さらに長年の模索を経て、アジア、ヨーロッパ、アメリカ州、オセアニアなどで将来を見据えた一体化をはかり、世界の資源やイノベーション、マーケットをカバーする枢軸ネットワークを形成した。国際化への取り組みも「製品の輸出」から「エコロジー定着」へとトータルで格上げしている。そのシナジー効果として、ニュージーランドでは現地生産のラクトフェリンやカゼインなど優れた原料が乳幼児や大人向けのサプリメントなどの拡大を後押しし、100年も前から乳製品を手掛けているオランダでは羊乳の原料利用が進んでいるほか、羊乳バター会社を配下に収めて産業チェーンを整備するなど、鮮明な形が見えている。
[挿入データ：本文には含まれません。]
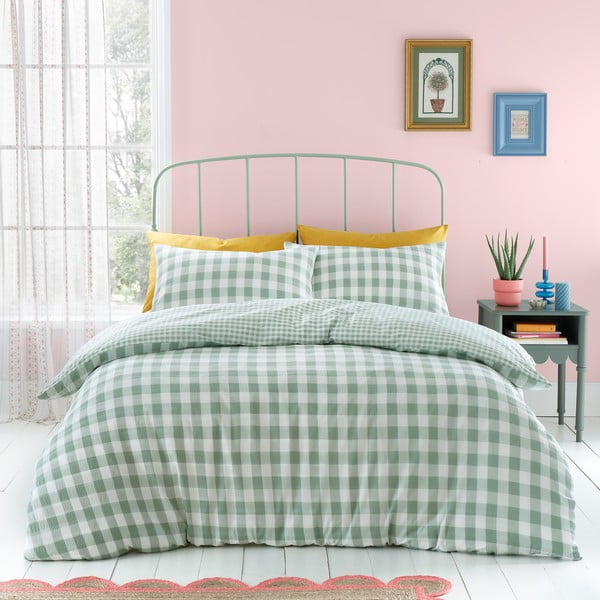 Zaļa divguļamā gultas veļa 200x200 cm Seersucker Gingham Check – Catherine Lansfield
伊利は現在、世界で研究開発・イノベーションセンターを15か所、生産拠点を81か所抱えており、5大陸で計60以上の国・地域へ製品を届けている。東南アジアでは「Joyday」というアイスクリームをインドネシアやシンガポールなど16か国に浸透させ、同じくアイスクリームブランドのCremoはタイで市場シェアがトップ3に居座っている。オセアニアでは、ニュージーランドの牧場でとれた良質の原乳から高級バター(ウエストゴールド=Westgold)や特定原料まで、「乳製品だけでなく技術も、量だけでなく価値も」といった外堀を築き上げた。北米では、ロサンゼルスで伊利初のフラグシップ店をオープンし、乳飲料、粉ミルク、清涼飲料、バターなど、アメリカの中国乳製品メーカーとしては最も多くの品種を販売している。またアフリカでは、Joydayのアイスがタンザニア上陸を果たし、現地初の中国の乳製品となった。首都のダルエスサラームでは主なスーパー65店舗で販売されている。